### Dataset
┄┄┄┄┄┄

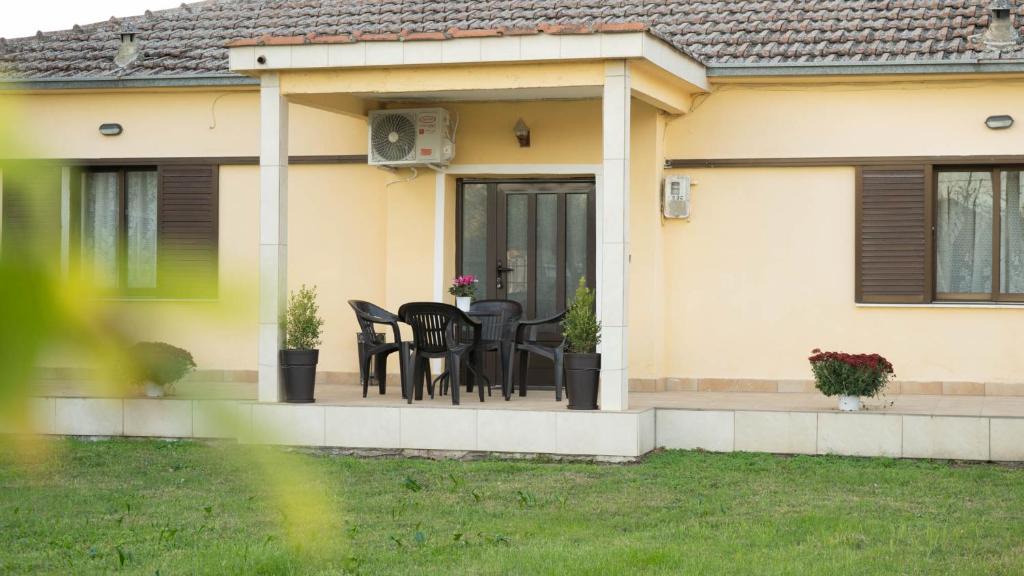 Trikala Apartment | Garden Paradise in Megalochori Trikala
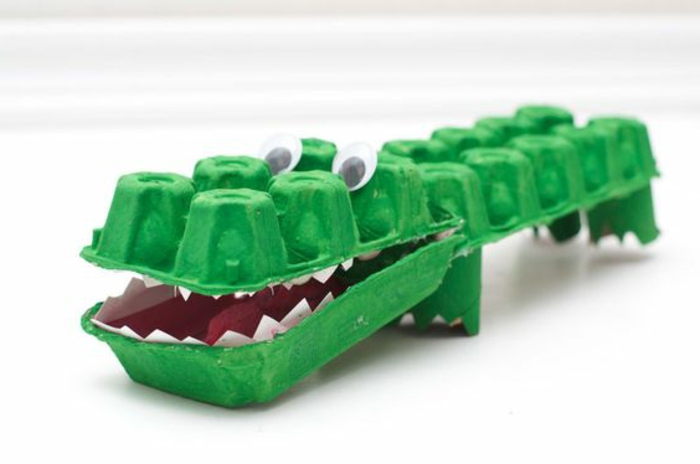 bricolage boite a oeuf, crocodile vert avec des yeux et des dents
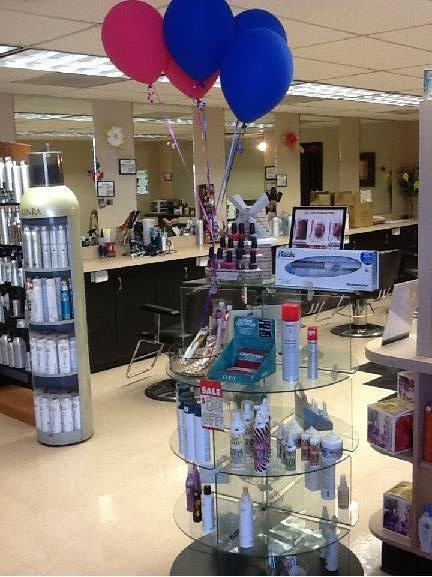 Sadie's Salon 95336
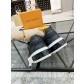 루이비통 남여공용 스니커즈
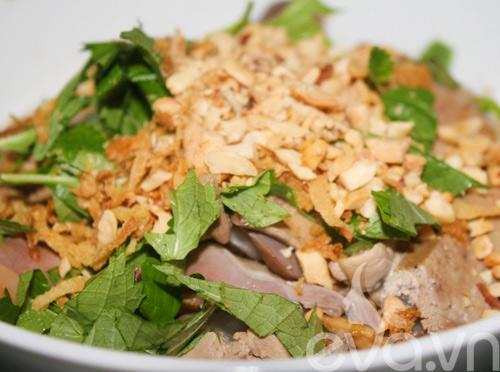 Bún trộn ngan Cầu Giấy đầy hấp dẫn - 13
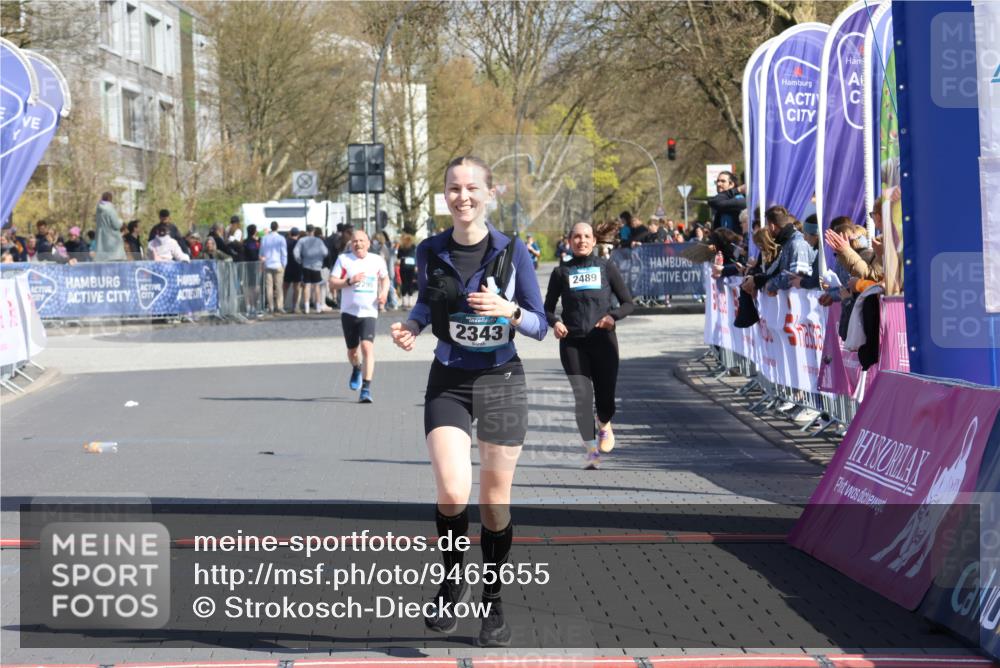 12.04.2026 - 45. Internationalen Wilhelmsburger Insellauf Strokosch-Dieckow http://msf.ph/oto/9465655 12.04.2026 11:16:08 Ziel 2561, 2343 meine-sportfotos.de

┄┄┄┄┄┄

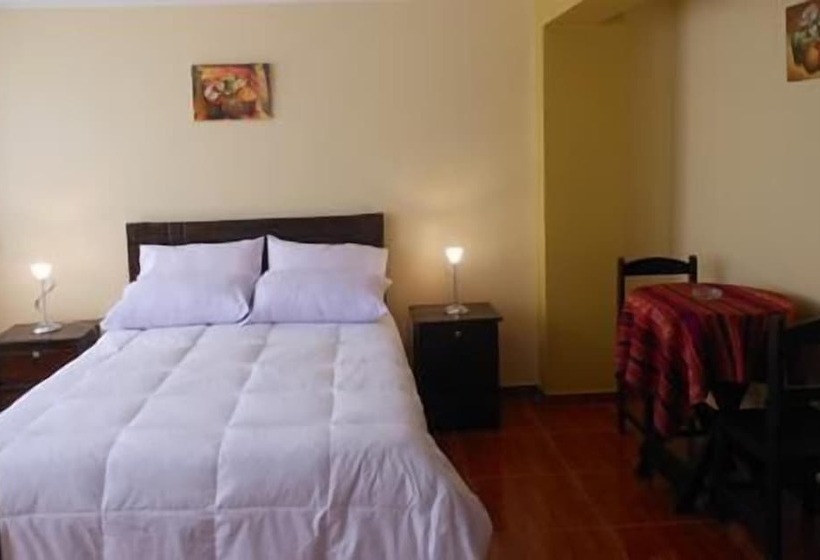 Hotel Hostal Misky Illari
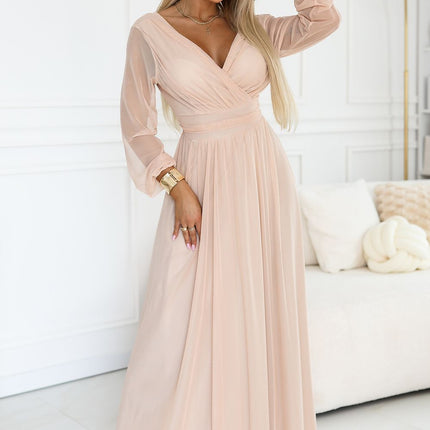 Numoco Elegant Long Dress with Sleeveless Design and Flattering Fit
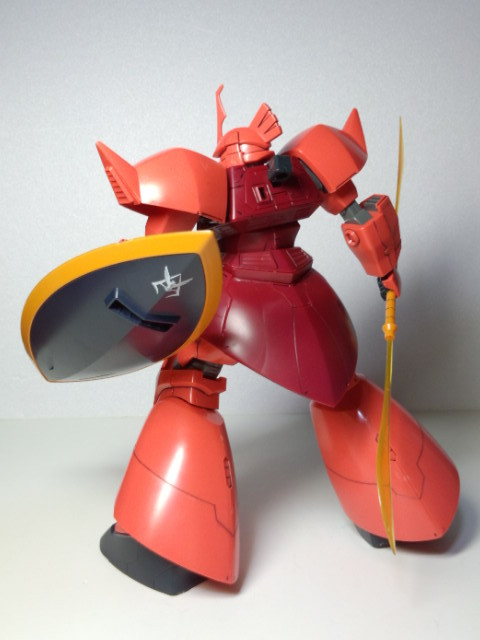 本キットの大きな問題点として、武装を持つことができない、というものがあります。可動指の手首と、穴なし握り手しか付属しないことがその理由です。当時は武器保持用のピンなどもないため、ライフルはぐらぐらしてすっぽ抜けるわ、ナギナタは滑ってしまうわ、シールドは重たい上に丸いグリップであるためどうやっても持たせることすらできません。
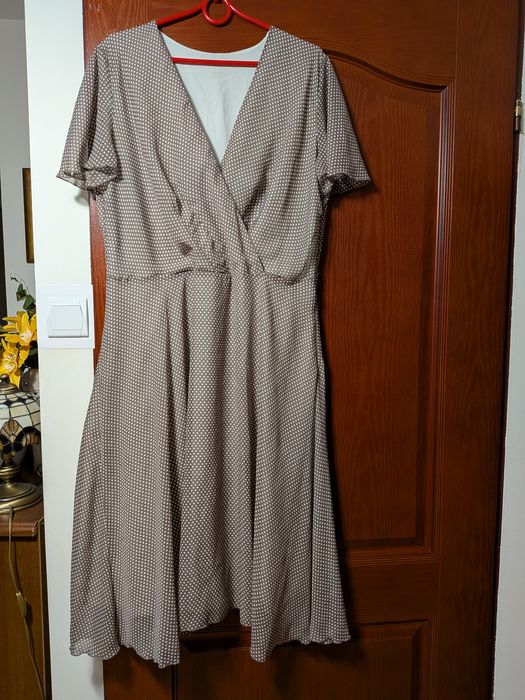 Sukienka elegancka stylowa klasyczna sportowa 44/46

┄┄┄┄┄┄

### Task to carry out
Going by the data above, the answer is exactly the lines from the one holding "Sadie's Salon 95336" to the one holding "12.04.2026 - 45.", both kept, with the pictures left out.

### Solution for this problem
 Sadie's Salon 95336
 루이비통 남여공용 스니커즈
 Bún trộn ngan Cầu Giấy đầy hấp dẫn - 13
 12.04.2026 - 45. Internationalen Wilhelmsburger Insellauf Strokosch-Dieckow http://msf.ph/oto/9465655 12.04.2026 11:16:08 Ziel 2561, 2343 meine-sportfotos.de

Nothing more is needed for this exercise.